Extreme weather conditions are creating a number of winter energy challenges for businesses, affecting how much they might need to procure. Phil Ivers, head of customer optimisation, Gazprom Energy, explains more

When Storm Emma met the ‘beast from the East’ widespread freezing temperatures and extreme weather conditions gripped the nation and caused a panic energy buying spree. On Thursday 1st March National Grid warned that the UK might run out of gas via a ‘gas deficit warning’ as the market attempted to meet public demand, resulting in prices for within day delivery rising nearly 400% to their highest in 20 years. It showed the high level of impact that this kind of unseasonal and volatile weather event can have on businesses’ gas purchasing – a lesson on the importance of being prepared for every eventuality. 

In these circumstances, the businesses that are likely to be the most affected by weather induced sudden price rises are those on flexible purchasing contracts that haven’t hedged their gas usage in advance. It’s important for energy buyers to understand that any gas being consumed that has not been hedged in advance will be subject to these sudden price hikes when the weather leads to demand outstripping supply.

Price spike 

On 1st March, the media reported that industrial businesses and large gas users might experience interruptions and losses in supply in order to balance the energy market and meet consumer demand. While this may be unavoidable it’s something major energy users should forecast for as a potential seasonal risk. As it turned out, on this occasion a gas deficit emergency was not actually declared, but large industrial gas users were still challenged with high prices at short notice. This is a good reminder of how being more agile as a business could help to reduce gas consumption and therefore costs when prices rise. 

We have already seen the impact of these price spikes on domestic customers with British Gas announcing a 5.5% increase in prices, shortly followed by EDF announcing a 1.2% rise. However we may not have seen the end of price increases to customers. Independent suppliers that did not, or could not, purchase their gas requirements before 1st March will undoubtedly feel the pinch and will need to make some big decisions over the summer.  

Forces of nature such as those experienced by the UK earlier this year turned out to be the first big energy security challenge since the closure of Rough, the UK’s largest gas storage facility, last year. This previously provided an essential back up in times like these. Reports stated that the UK needed to import 1.75 billion cubic metres (bcm) of additional gas for the winter, sourced mostly from mainland Europe and Qatar. This increased reliance on gas from outside the UK could lead to a price premium especially during periods of high demand. This also has the potential to exacerbate future gas supply issues during times of demand increase, impacting both price and availability for some businesses. 

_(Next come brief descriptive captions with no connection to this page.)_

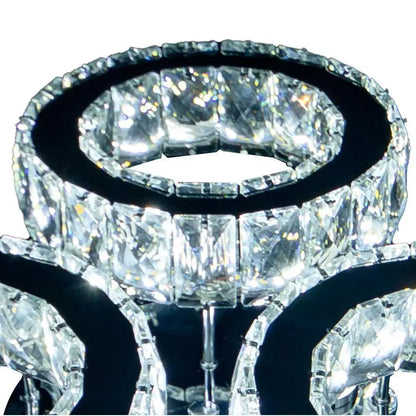 Lustre LED avec télécommande et cristal TIMOTEI 30W, 3 Cercles, Lumière Froid/Chaud/Neutre, Gradable, Chrome Noir Brillant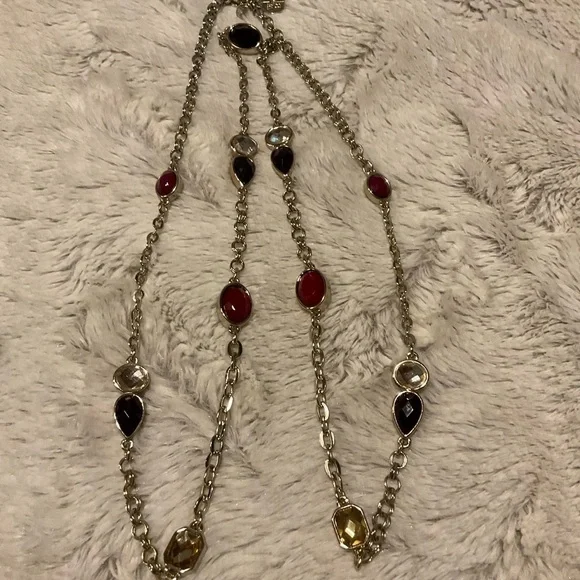 WHITE House Black Market Multi Stone Necklace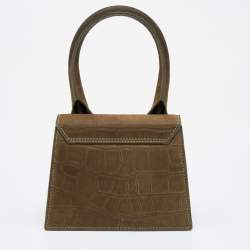 Pre Owned Jacquemus Khaki Green Croc Embossed Leather Le Chiquito Bag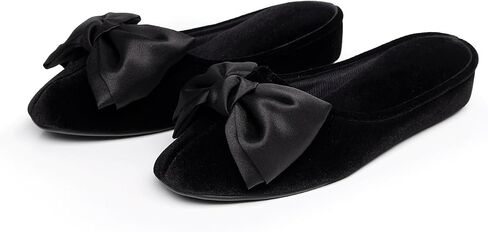 House slippers for women 1.5inch heel lift Bow Slippers with Storage Bag (L Size US size 7.5 - 8)sexy old lady ladies velvet satin fancy vintage Black travel slippers Indoor Shoes Non-Slip Spa Hotel cute pantuflas para mujer bedroom bride ballet Guest Jap in Kuwait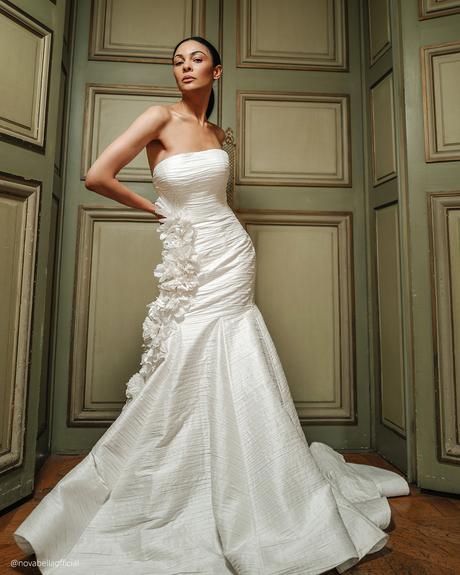 nova bella wedding dresses simple strapless neckline floral appliques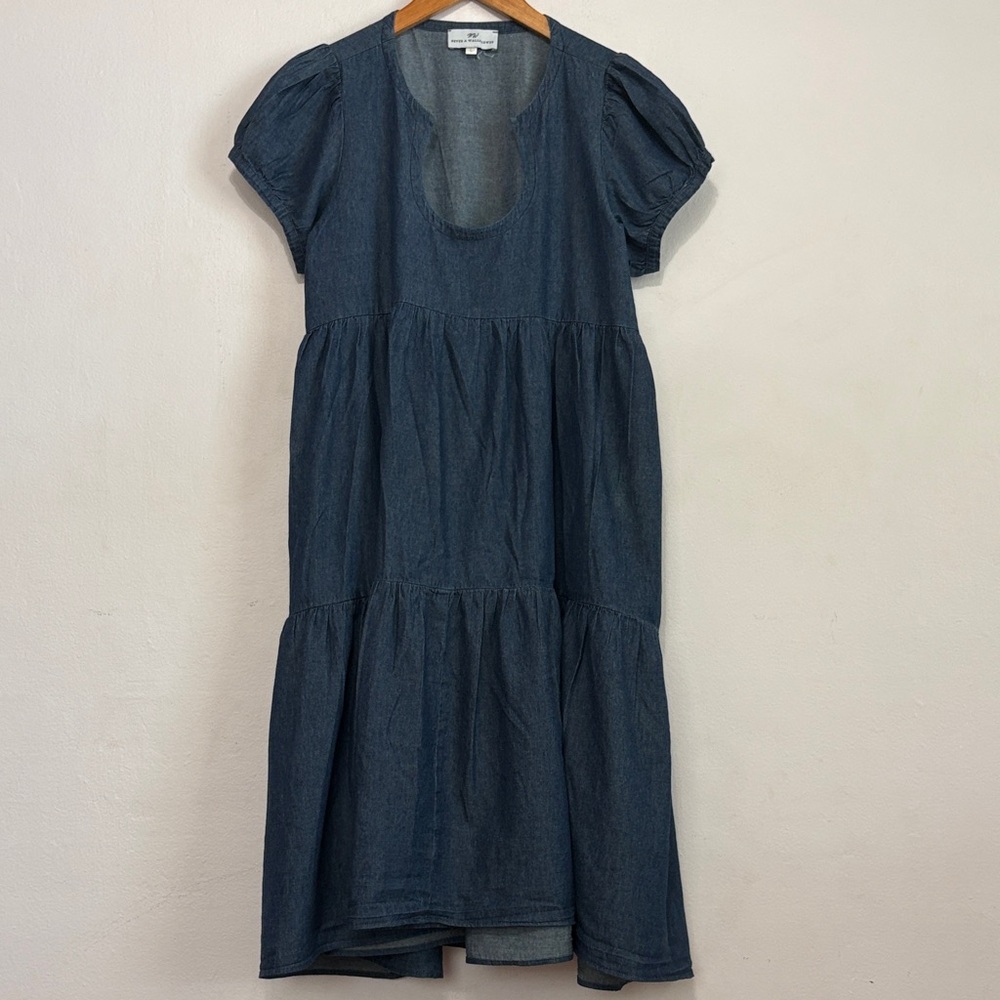 Tiered Midi Dress in Dark Blue Denim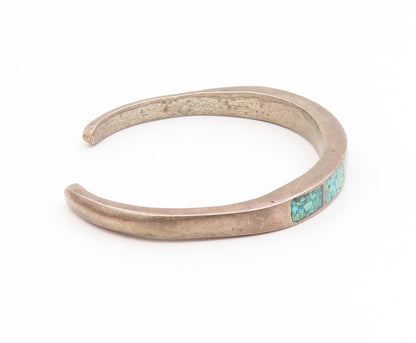 925 Sterling Silver Vintage Bracelet NAVAJO ZUNI Crushed Turquoise Inlay BT11886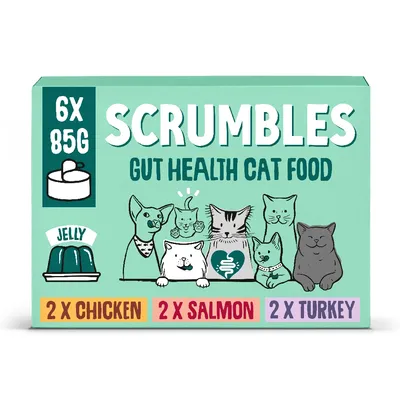 Scrumbles gut friendly cat food, complete wet food for cats in jelly. Contains 2 chicken, 2 salmon, and 2 turkey packs. Box size: 6 x 80g.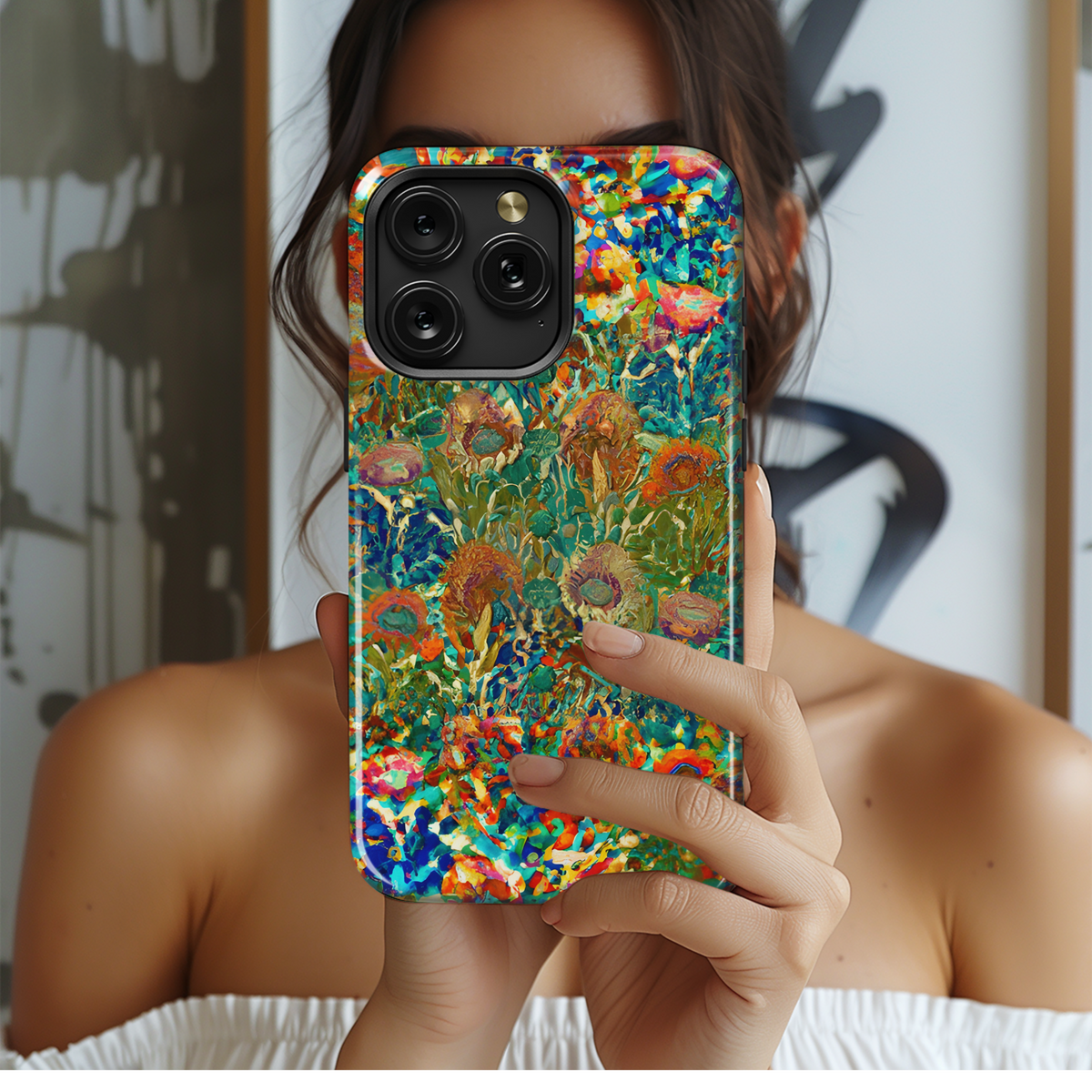 Stained Glass Abstract Tropical Leaves Phone Case iPhone Samsung Cover Pixel 3335 - Image 2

This highlights the importance of either flexible forward energy buying or the positives of choosing a fixed contract to protect against risk. The past few months in particular have seen some seasonal events that have clearly had an impact. Understanding what’s behind changing energy prices could be a useful measure in planning for future costs and needs, knowing how your energy contract could be affected by the weather could potentially save your business a large some of money.